Armed miners threaten Funai servers in Vale do Javari, denounces indigenous organization

Mining raft on the Madeira River in the Autazes municipality near the Rosarinho community, 120 km from Manaus Photo Ricardo Oliveira/Cenarium/FramePhoto

July 19, 2022

14:07

Bruno Pacheco – Amazon Agency

MANAUS – The Union of Indigenous Peoples of the Javari Valley (Univaja) reported on the morning of Tuesday, 19, that two armed miners threatened servants of the Ethno-Environmental Protection Base (Bape) of the National Indian Foundation (FUNAI), located on the Jandiatuba River, in the countryside of the Amazon. The episode occurred on the 15th of this month, around 5 pm, and involved workers of the Matis people who work at the base, according to a statement released by the organization.

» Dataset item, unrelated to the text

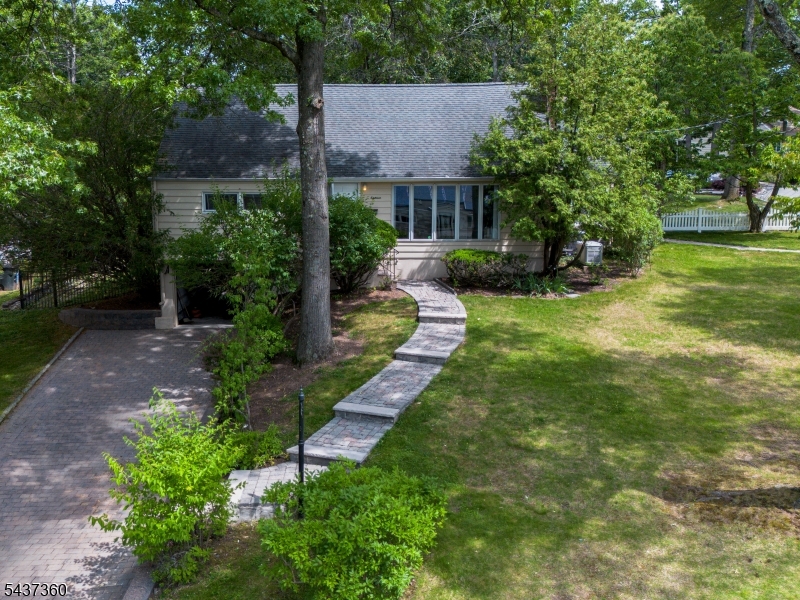 Welcome to 18 Aspen Road, a charming 4-bedroom, 2-bath Colonial ideally situated on an expansive corner lot in the Oaks neighborhood, one of West Orange's most convenient and desirable locations. Nestled in a quiet neighborhood, but close to all the action, this well-maintained home offers spacious living areas filled with natural light, creating a warm and inviting atmosphere throughout. The versatile floor plan includes a bright sunroom, perfect for relaxing, working from home, or enjoying your morning coffee, with walk-out access to a large patio that is perfect for entertaining.  Generous room sizes and flexible living spaces offer endless possibilities for customization, allowing you to make this home truly your own.  The home features ample parking, a one car garage, and a finished basement providing additional living and recreation space.  The home features central air heating and cooling with additional heat pumps for your comfort, and a backup generator for added peace of mind.  Located just moments from shopping, dining, and transportation options to New York City, this property offers the perfect balance of suburban comfort and commuter convenience. Outdoor enthusiasts will appreciate its proximity to South Mountain Reservation and Turtle Back Zoo, providing year-round opportunities for recreation and entertainment.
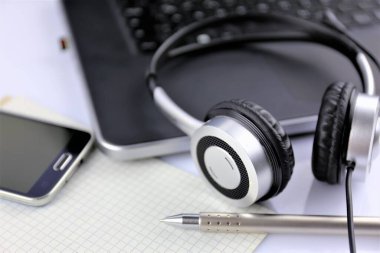 Kulaklık ve klavyeli bir ofis masasının konsept görüntüsü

See also: Insecurity and lack of dialogue: murders in Vale do Javari, in the AM, complete one month with omission of the federal government

“The armed men asked how many employees (including Matis indigenous people) were working at that base, with the clear intention of harassing the workers. One of the main attributions of the Funai staff at the Jandiatuba base is the protection of the indigenous land in order to assure the physical and territorial integrity of the isolated indigenous groups who live on the Jandiatuba and Jutaí rivers. In this region of the Javari Valley, there is the largest amount of information and confirmed references of isolated indigenous groups”, reported Univaja, in a statement.

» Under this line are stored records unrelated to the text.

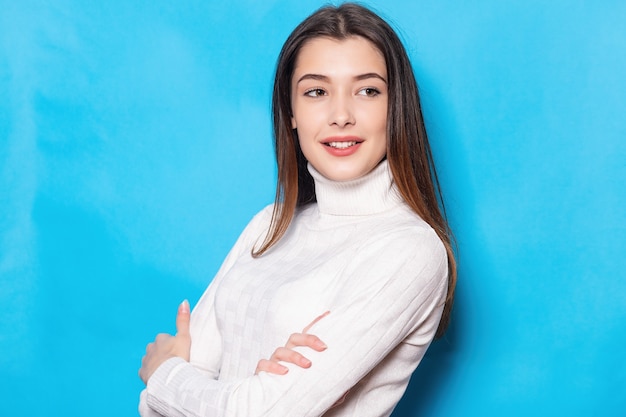 Glimlachend jonge brunette vrouw meisje in casual witte kleding, poseren geïsoleerd op pastel blauwe achtergrond studio portret. Mensen emoties levensstijl concept. Bespotten kopie ruimte. Camera kijken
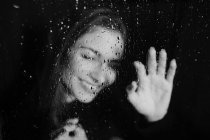 Blanco y negro de mujer sonriente de pie detrás del vidrio en gotas de agua tocando la superficie con los ojos cerrados - foto de stock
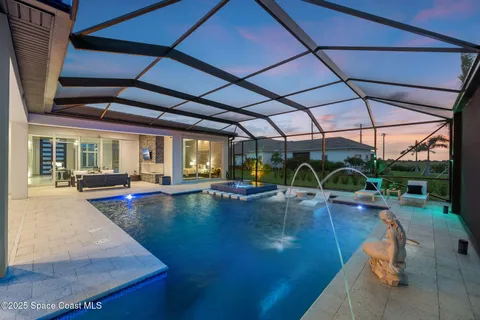 a view of swimming pool with outdoor seating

The Jandiatuba River is an affluent of the right bank of the Solimões and Amazonas Rivers and is located in the extreme northwest of the state, in a region considered to be a ‘route for drug trafficking’, mining and illegal fishing. The waters of the affluent cut through three Indigenous Lands (TI), among them, Vale do Javari and Nova Esperança do Jandiatuba, widely used by isolated populations, according to FUNAI monitoring.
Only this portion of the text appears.